= Your instructions =
Return exactly the lines from the one containing "Gorgonese su una" through the last line of the records below, both included, and leave out any pictures.

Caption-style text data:

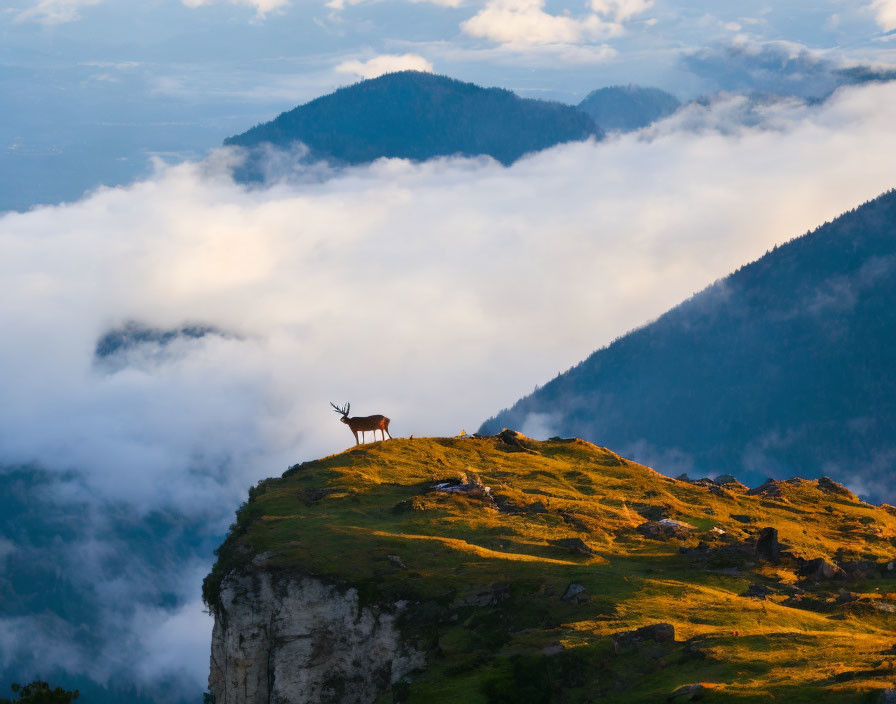 Deer on the mountainside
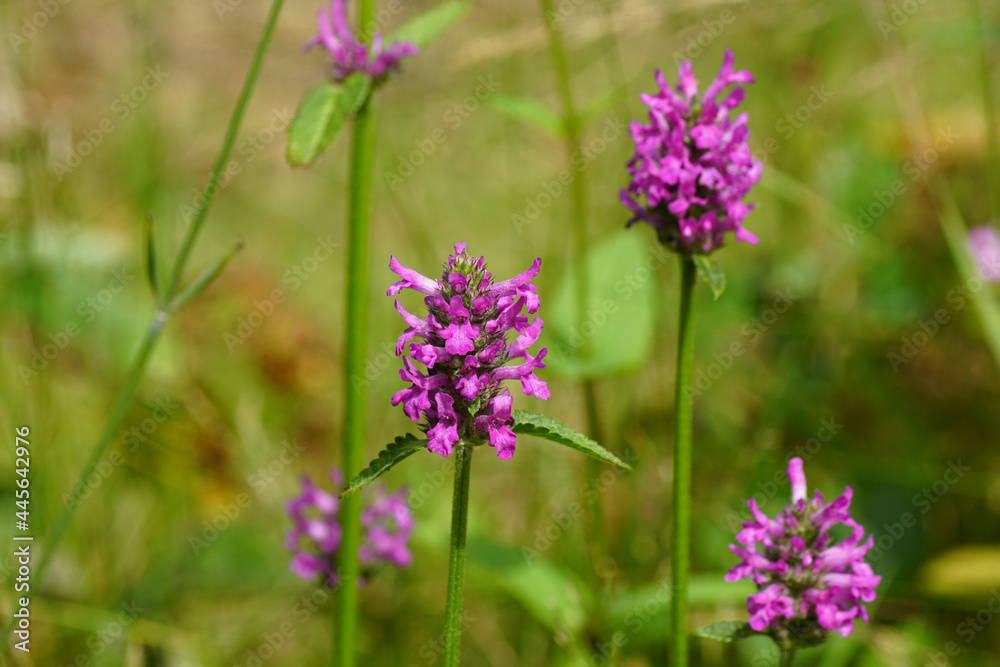 Close up purple flowers of Wood Betony (Stachys monieri hummelo), family Lamiaceae. Dutch garden, July. Close up purple flowers of Wood Betony (Stachys monieri hummelo), family Lamiaceae. Dutch garden, July.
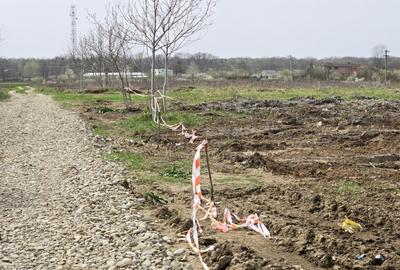 Teren Construcții intravilan de 4783 mp, în Ciolpani - 5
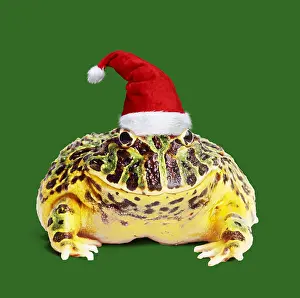 161118: Argentine Horned Frog wearing Christmas hat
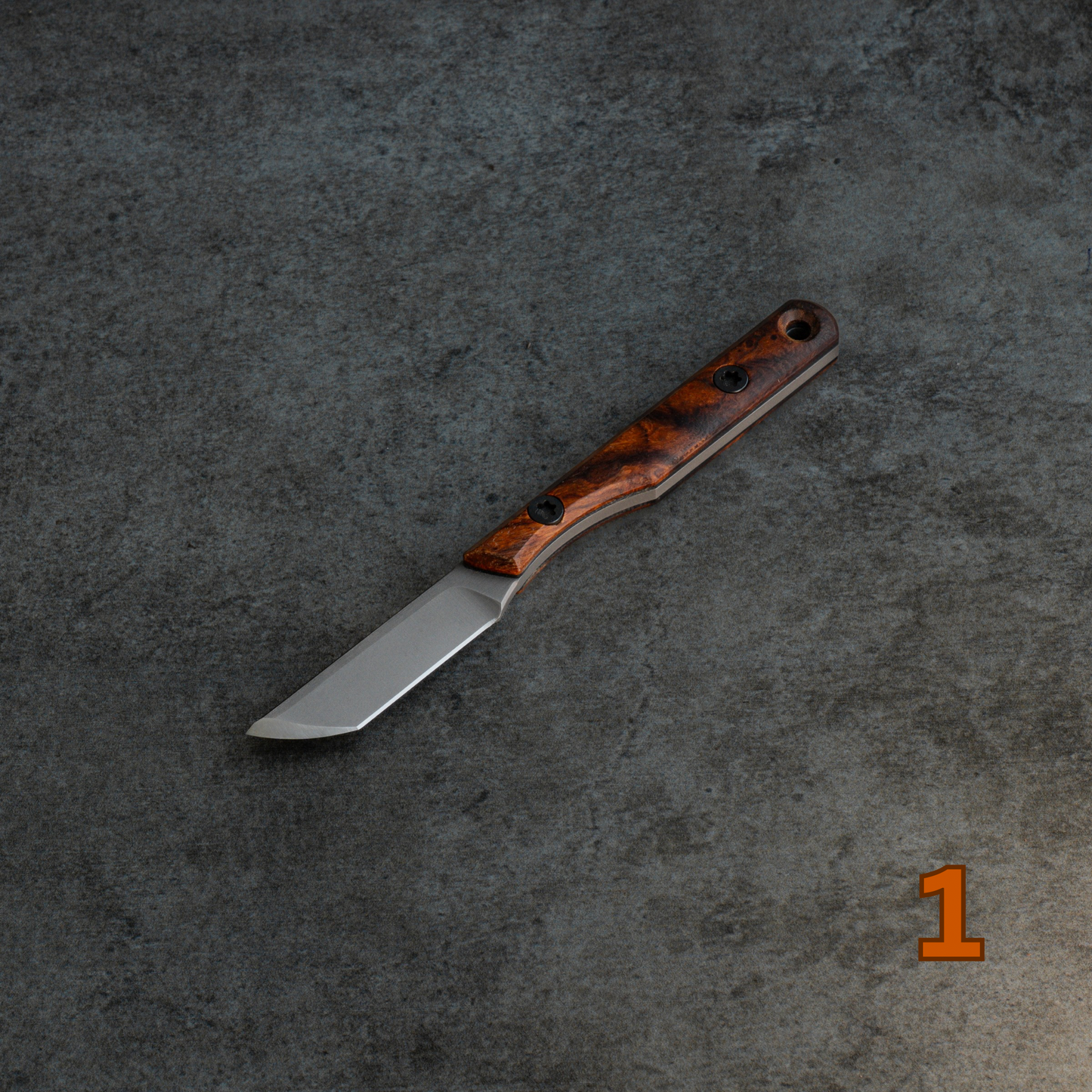 Prickly Pear - Arizona Desert Ironwood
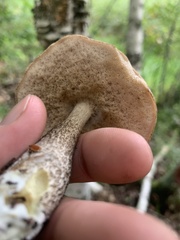 Leccinum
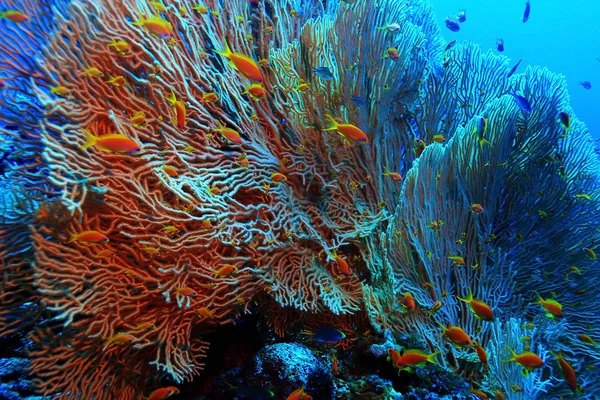 Gorgonese su una barriera corallina — Foto Stock
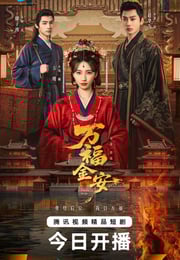 2026年国产电视剧《万福金安》 连载至第12集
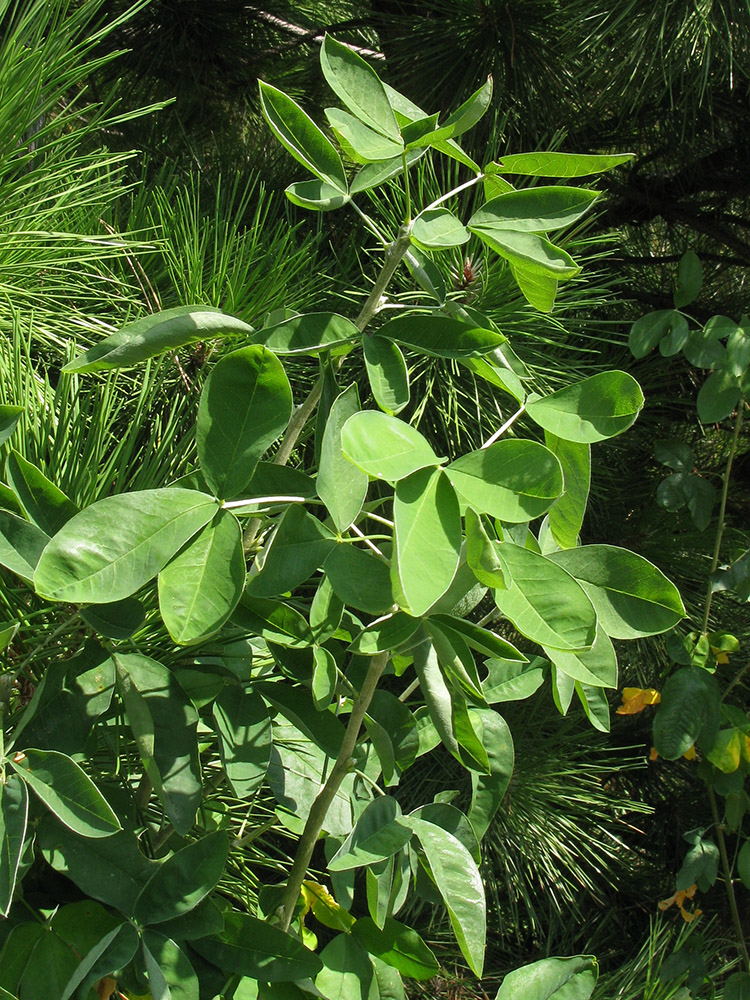 Image of Laburnum anagyroides specimen.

= Output of the exercise =
 Gorgonese su una barriera corallina — Foto Stock
 2026年国产电视剧《万福金安》 连载至第12集
 Image of Laburnum anagyroides specimen.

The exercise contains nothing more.